I morti furono centomila, sebbene nemmeno sulla loro conta sembri sia possibile mettersi d’accordo. Di questi, oltre ottomila solo a Srebrenica, bosniaci musulmani assassinati a sangue freddo nel giro di una manciata di giorni nella colpevole indifferenza del mondo intero e dell’Onu, che aveva promesso protezione e che invece lasciò quella gente sola al proprio destino. Un orrore tanto grande da “costringere” le Nazioni Unite a riconoscere che “Srebrenica” fu genocidio, una parola che è tornata a riecheggiare in Europa mezzo secolo dopo l’olocausto.
Non bastò, al mondo non bastò. Per arrivare agli accordi di Dayton, che nel novembre del 1995 posero formalmente fine al conflitto, fu necessario passare anche attraverso lo scempio dell’eccidio di civili al mercato di Markale, a Sarajevo. Cinque granate, che il 28 agosto 1995 provocarono quarantatré morti tra la gente in fila per il pane, quarantatré morti che finalmente colmarono la misura e che portano all’intervento dell’Occidente e i contendenti al tavolo della pace. Markale è una rosa rossa incastonata nell’asfalto, ora. Ce ne sono disseminate dappertutto in città, hanno sostituito i crateri delle bombe, a ricordo di chi sotto quelle bombe ha perso la vita.
«Durante l’assedio eravamo suddivisi tra quelli che hanno con le loro vite piantato le rose, e quelli sopravvissuti che le annaffiavano con le loro lacrime» (Jasminko Halilović).
Camminando per strada schivo quelle rose per rispetto e per pudore, giro in tondo senza distogliere lo sguardo.
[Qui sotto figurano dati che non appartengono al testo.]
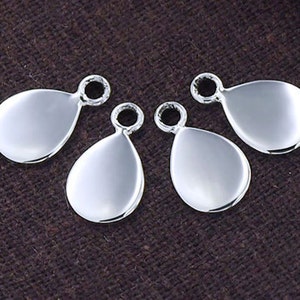 4 of 925 Sterling Silver Tear Drop Tag Charms 7.5x10mm. :tk0056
C’è forse anche un sentimento di vergogna per il pezzetto di responsabilità che mi spetta per quella guerra avvenuta a un’ora di volo da casa mia. Ma l’impressione che si ha è che quelle rose non suscitino più alcuna emozione tra i sarajevesi. Non è indifferenza, non potrebbe. È stanchezza, piuttosto, desiderio di passare oltre. Se la guerra si è portata via tutto – vite, case, ponti come quello che, a Mostar, rappresentava anche simbolicamente la capacità di stare insieme –, è la pace che sembra non essere mai iniziata. E a prevalere è la consapevolezza che se è vero che i trattati di Dayton siano stati in grado di far tacere le bombe, essi abbiano, contestualmente, avallato la suddivisione della Bosnia Erzegovina su basi etniche e religiose. L’ostilità tra gruppi nazionali non è stata la causa della guerra ma, di sicuro, ne rappresenta l’indotto più pesante.
C’è una discesa che mi aspetta. Il ritorno ai vicoli di Baščaršija, ai caffè all’aperto, alle piccole botteghe artigiane dove viene lavorato il rame con una destrezza senza pari. Negli ultimi anni sui banconi di queste botteghe hanno fatto capolino piccoli resti della guerra passata e non è difficile imbattersi in bossoli di proiettile trasformati in penne biro. Non vedo irriverenza in questo, piuttosto una specie di catarsi, un piccolo pezzo di memoria.
Perché la memoria è come lo sputo che tiene insieme tutto. Il suo contrario non è l’oblio, ma la negazione.